Pero sería, sobre todo, porque sus verdaderos anhelos tiraban cada vez con más fuerza en otra dirección: su origen, su gente, su intimidad tranquila. Retirarse, como hizo con Gades, a la costa de Levante, para no pensar en otra cosa que ser madre y disfrutarlo (“el reencuentro con aquella niña que nunca pude ser”). Empezar a contarse otro cuento distinto.
Visto ahora, podría decirse que todo obedeció muy pronto a un proceso, lento pero decidido, de demolición de su propia imagen, de rebelión contra lo que había sido: la bellísima joven de 25 años, pantera rubia con vaqueros, que leía a Tagore y vacilaba con ternura a los periodistas, sepultando a la niña de Ha llegado un ángel; la mujer declaradamente comunista, que casi vomitaba recordando sus audiencias con las hijas de Franco, donando las piezas de los premios que le habían dado precisamente como diezmo para la causa anti-franquista. “En mis inicios se me grabó en la mente que yo era Marisol para sacar adelante a mi familia. No disfrutaba. Ahora no tengo necesidad de fingir. He empezado hace poco a ser yo pero todavía me contradigo”.
Porque se trata, éste y cualquier sueño, de llegar a ser quien uno es, y no lo que otros esperan que seas. Marisol fue desvaneciéndose conforme Pepa Flores conquistaba la varita mágica de su propia vida; lo cual implicaba conjurar el encantamiento, abandonar el palacio, dejar los montes y volverse al mar sin dar explicaciones a nadie. Hizo su último disco en 1983, y su última película en 1985. Desde entonces su ausencia fue creciendo hasta hacerse absoluta, estruendosa. Le han seguido ofreciendo barbaridades de dinero por aparecer aquí o allá, pero nada.

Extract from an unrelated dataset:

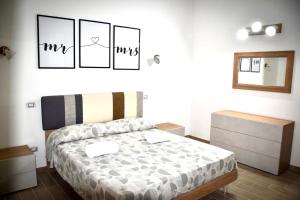 Schlafzimmer mit einem Bett und einem Wandspiegel in der Unterkunft Casa Lello in Taranto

El suyo es uno de los silencios más dignos y más elocuentes, de los que más podríamos aprender en este mundo histérico y sin brújula. La niña prodigio, la sexymbol de una era, el primer icono popular de una sociedad que soñaba con que pasara la carroza del destino por su puerta, acabó descubriendo, como en los cuentos, que el tesoro había estado siempre enterrado bajo sus pies:
“Cumple ardientemente tu papel y entrégate de lleno a la labor. Aléjate de toda duda inútil, toda idea de imposibilidad que te hayan inculcado. Perfecciónate en aquello que puedes hacer bien y perfecciona el cachito de mundo que te toca trabajar. Vuelca todo tu amor en ese metro cuadrado que ocupa tu existencia. No lo abandones”.